[Extracted records]
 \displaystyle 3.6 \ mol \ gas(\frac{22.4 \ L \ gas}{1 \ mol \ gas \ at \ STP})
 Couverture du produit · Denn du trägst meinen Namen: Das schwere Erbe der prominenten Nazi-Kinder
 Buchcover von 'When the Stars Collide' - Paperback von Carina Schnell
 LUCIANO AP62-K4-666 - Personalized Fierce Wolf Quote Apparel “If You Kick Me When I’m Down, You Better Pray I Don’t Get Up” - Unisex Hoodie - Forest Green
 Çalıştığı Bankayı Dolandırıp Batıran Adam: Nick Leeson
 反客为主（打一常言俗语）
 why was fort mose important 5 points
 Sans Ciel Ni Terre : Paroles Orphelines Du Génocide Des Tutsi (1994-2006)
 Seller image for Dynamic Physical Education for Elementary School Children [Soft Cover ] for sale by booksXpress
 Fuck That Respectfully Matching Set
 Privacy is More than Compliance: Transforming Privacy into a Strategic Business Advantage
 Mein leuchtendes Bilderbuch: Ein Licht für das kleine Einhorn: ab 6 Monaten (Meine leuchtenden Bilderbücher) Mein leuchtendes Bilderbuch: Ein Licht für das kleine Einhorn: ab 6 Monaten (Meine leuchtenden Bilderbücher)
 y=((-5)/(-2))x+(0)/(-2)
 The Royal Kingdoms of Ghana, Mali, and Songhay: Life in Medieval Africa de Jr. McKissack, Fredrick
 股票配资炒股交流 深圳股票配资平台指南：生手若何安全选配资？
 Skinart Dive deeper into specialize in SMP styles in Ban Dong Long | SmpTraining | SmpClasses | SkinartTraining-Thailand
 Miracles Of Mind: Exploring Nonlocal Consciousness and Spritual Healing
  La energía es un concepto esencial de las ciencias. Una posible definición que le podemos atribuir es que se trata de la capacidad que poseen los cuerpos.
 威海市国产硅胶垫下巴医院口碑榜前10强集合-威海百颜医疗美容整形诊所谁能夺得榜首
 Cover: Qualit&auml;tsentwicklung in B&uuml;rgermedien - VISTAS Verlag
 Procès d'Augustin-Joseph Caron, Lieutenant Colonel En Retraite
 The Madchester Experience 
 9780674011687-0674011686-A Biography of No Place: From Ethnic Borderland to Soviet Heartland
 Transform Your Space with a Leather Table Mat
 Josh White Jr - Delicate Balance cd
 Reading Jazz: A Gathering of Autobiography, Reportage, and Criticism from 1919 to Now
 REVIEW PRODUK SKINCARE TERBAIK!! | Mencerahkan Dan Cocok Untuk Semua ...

▶ _WORK INSTRUCTIONS_
In full and without alteration, write out each record.

▶ _WRITTEN RESPONSE_
 \displaystyle 3.6 \ mol \ gas(\frac{22.4 \ L \ gas}{1 \ mol \ gas \ at \ STP})
 Couverture du produit · Denn du trägst meinen Namen: Das schwere Erbe der prominenten Nazi-Kinder
 Buchcover von 'When the Stars Collide' - Paperback von Carina Schnell
 LUCIANO AP62-K4-666 - Personalized Fierce Wolf Quote Apparel “If You Kick Me When I’m Down, You Better Pray I Don’t Get Up” - Unisex Hoodie - Forest Green
 Çalıştığı Bankayı Dolandırıp Batıran Adam: Nick Leeson
 反客为主（打一常言俗语）
 why was fort mose important 5 points
 Sans Ciel Ni Terre : Paroles Orphelines Du Génocide Des Tutsi (1994-2006)
 Seller image for Dynamic Physical Education for Elementary School Children [Soft Cover ] for sale by booksXpress
 Fuck That Respectfully Matching Set
 Privacy is More than Compliance: Transforming Privacy into a Strategic Business Advantage
 Mein leuchtendes Bilderbuch: Ein Licht für das kleine Einhorn: ab 6 Monaten (Meine leuchtenden Bilderbücher) Mein leuchtendes Bilderbuch: Ein Licht für das kleine Einhorn: ab 6 Monaten (Meine leuchtenden Bilderbücher)
 y=((-5)/(-2))x+(0)/(-2)
 The Royal Kingdoms of Ghana, Mali, and Songhay: Life in Medieval Africa de Jr. McKissack, Fredrick
 股票配资炒股交流 深圳股票配资平台指南：生手若何安全选配资？
 Skinart Dive deeper into specialize in SMP styles in Ban Dong Long | SmpTraining | SmpClasses | SkinartTraining-Thailand
 Miracles Of Mind: Exploring Nonlocal Consciousness and Spritual Healing
  La energía es un concepto esencial de las ciencias. Una posible definición que le podemos atribuir es que se trata de la capacidad que poseen los cuerpos.
 威海市国产硅胶垫下巴医院口碑榜前10强集合-威海百颜医疗美容整形诊所谁能夺得榜首
 Cover: Qualit&auml;tsentwicklung in B&uuml;rgermedien - VISTAS Verlag
 Procès d'Augustin-Joseph Caron, Lieutenant Colonel En Retraite
 The Madchester Experience 
 9780674011687-0674011686-A Biography of No Place: From Ethnic Borderland to Soviet Heartland
 Transform Your Space with a Leather Table Mat
 Josh White Jr - Delicate Balance cd
 Reading Jazz: A Gathering of Autobiography, Reportage, and Criticism from 1919 to Now
 REVIEW PRODUK SKINCARE TERBAIK!! | Mencerahkan Dan Cocok Untuk Semua ...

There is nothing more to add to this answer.